それでもなお、今回の総選挙に期待することは一つだけあるなあって思っている。
もし、民主党政権になったら、イラクにいる自衛隊を撤収させるのかどうかということだ。とりわけ小沢一郎はイラク派兵に批判的だったはずだ。少なくとも、この一点だけは、注目し、期待したい。
今回の総選挙の争点は、郵政民営化などではなく、暴走する小泉を今後も信任していくかどうかなのだ。国内問題だけだと、わかりにくいかもしれないが、外交ということになれば、ほとんどぼろぼろである。ひたすら東アジアにおいて、反日感情をあおりまくってきた、かといって、とりたてて何かアイデアがあるわけではない、ただ国内向けのパフォーマンスとしての外交。米国依存でブッシュのペットと化した首相、そういうものから脱却できるかどうかということなのだから。
本質的に期待できないことが多いけれども、本当に、イラクの自衛隊が撤収されるのであれば、これはものすごく大きなことだ。それは、米国依存の外交から一歩離れることにもなる。そして、そうすべきだとも思っている。

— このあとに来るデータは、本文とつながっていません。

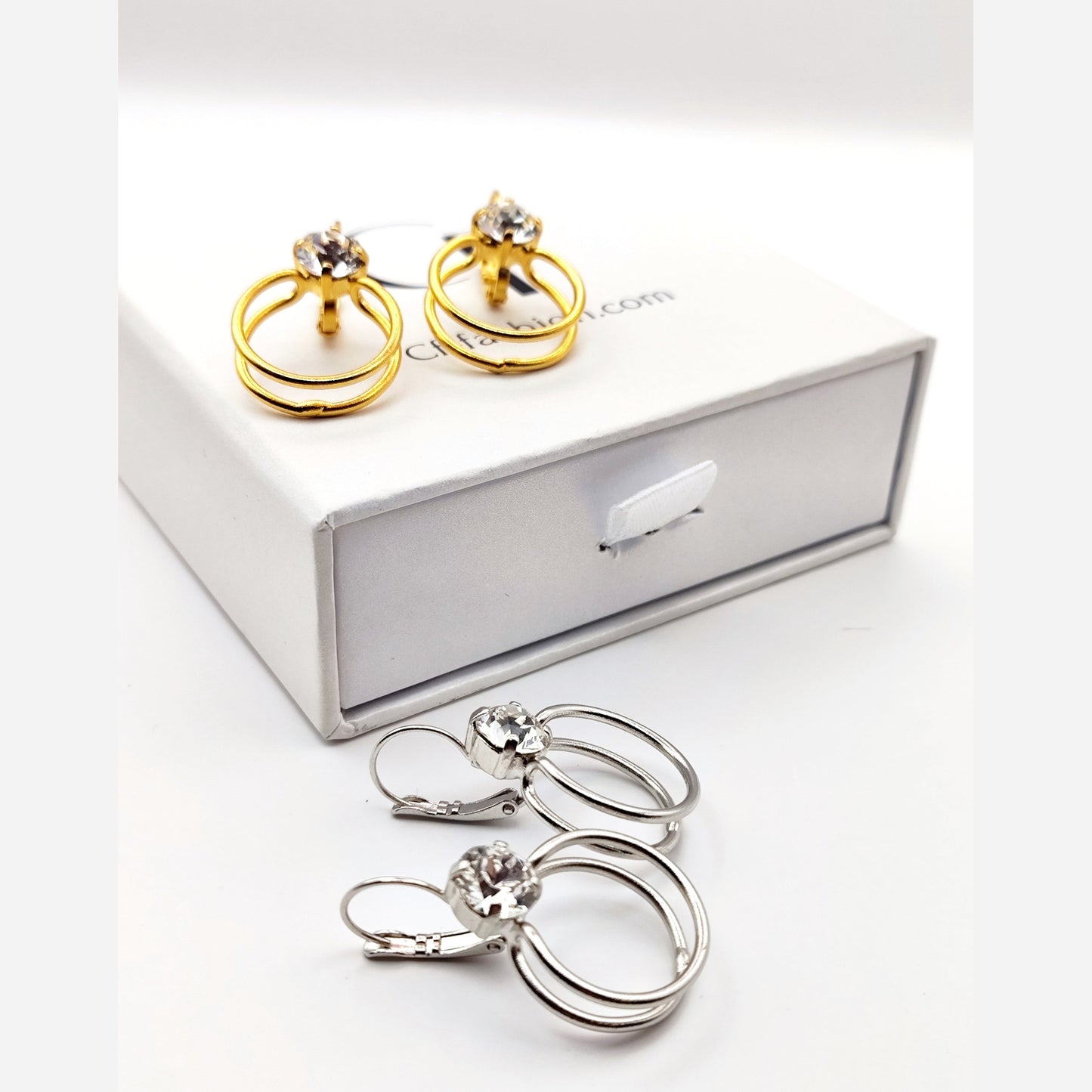Gold double hoop earrings with Swarovski crystal, Greek hammered jewelry, available in gold, silver, and rose gold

その次に、北朝鮮との外交があるわけだけれども、こちらについては、国民の反感を受けとめながらも、利益のある外交を貫けるかどうかだろう。だが、それはすごく勇気のいることだし、たぶん、今はまだ無理だと思う。
日本がどれほどまでにひどい国なのかということは、内田雅敏の「これが犯罪?「ビラ配りで逮捕」を考える」(岩波ブックレット)を読むとよくわかる。
日本という国は、たかだか「イラク派兵反対」のビラを配っただけで逮捕されるところなのである。ビラをポストに入れるためには、マンションの敷地内に入らなくてはならないが、そうすると住居不法侵入で逮捕され、拘留されてしまうのだ。共産党のビラだって同様である。

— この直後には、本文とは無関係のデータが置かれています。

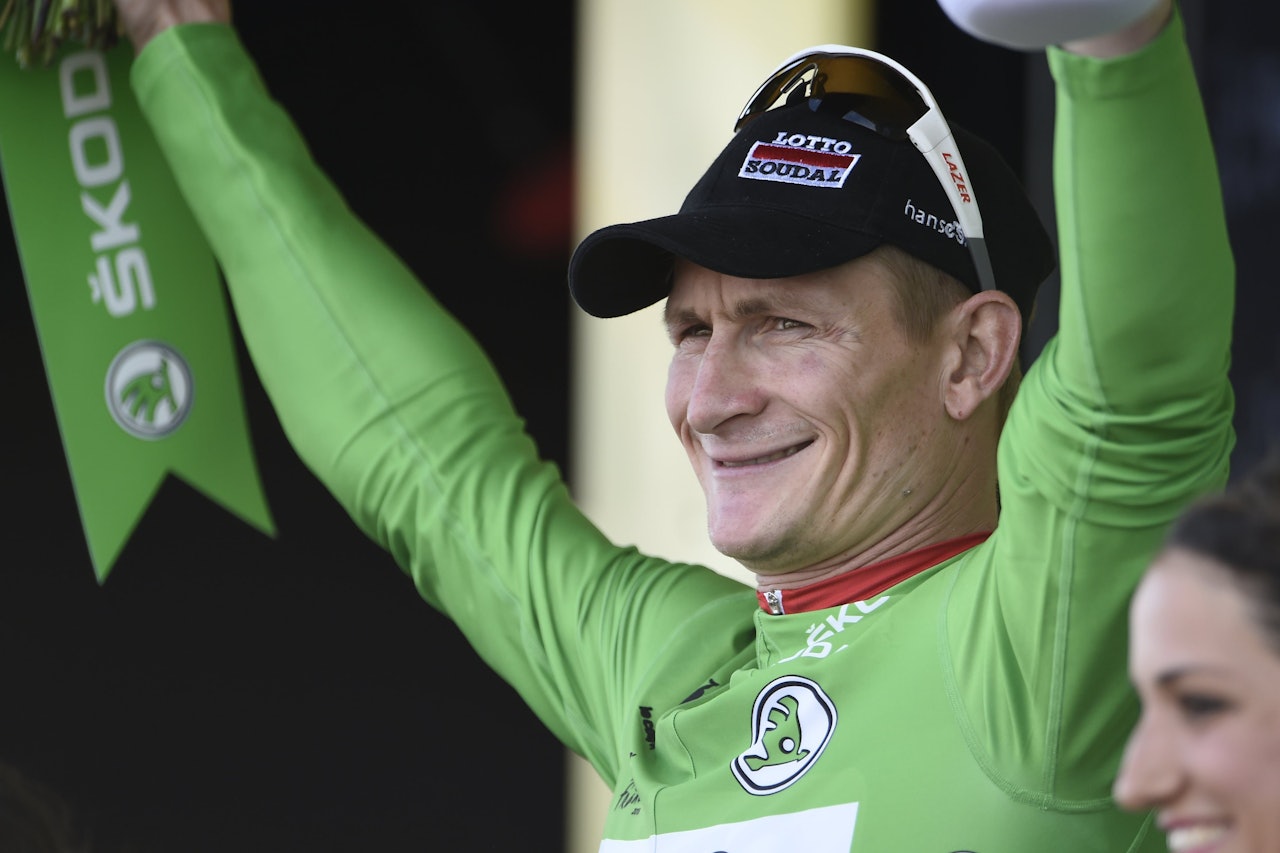 GRØNN GORILLA: André Greipel har skaffet seg et solid tak på den grønne trøya. Foto: Cor Vos. GRØNN GORILLA: André Greipel har skaffet seg et solid tak på den grønne trøya. Foto: Cor Vos.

仕事がない公安警察は、とにかく政府に批判的な人たちに対しては、微罪で逮捕してくれるわけだ。今のところ、有罪になった事例こそないが、裁判所がどれほど良心を持っているのかどうか、疑わしいので、有罪になるケースも今後あるかもしれない。そうなったら、日本はもはや民主国家ではなくなってしまう。意見の異なる人を弾圧するのだから。
でも、実はこのことは、自業自得の部分もある。オウム事件のとき、微罪逮捕が相次いだが、いったい誰がこれを批判しただろうか? そのことはいずれしっぺ返しがくる、当時のぼくはそう思っていた。そしてそれは現実のものとなったわけだ。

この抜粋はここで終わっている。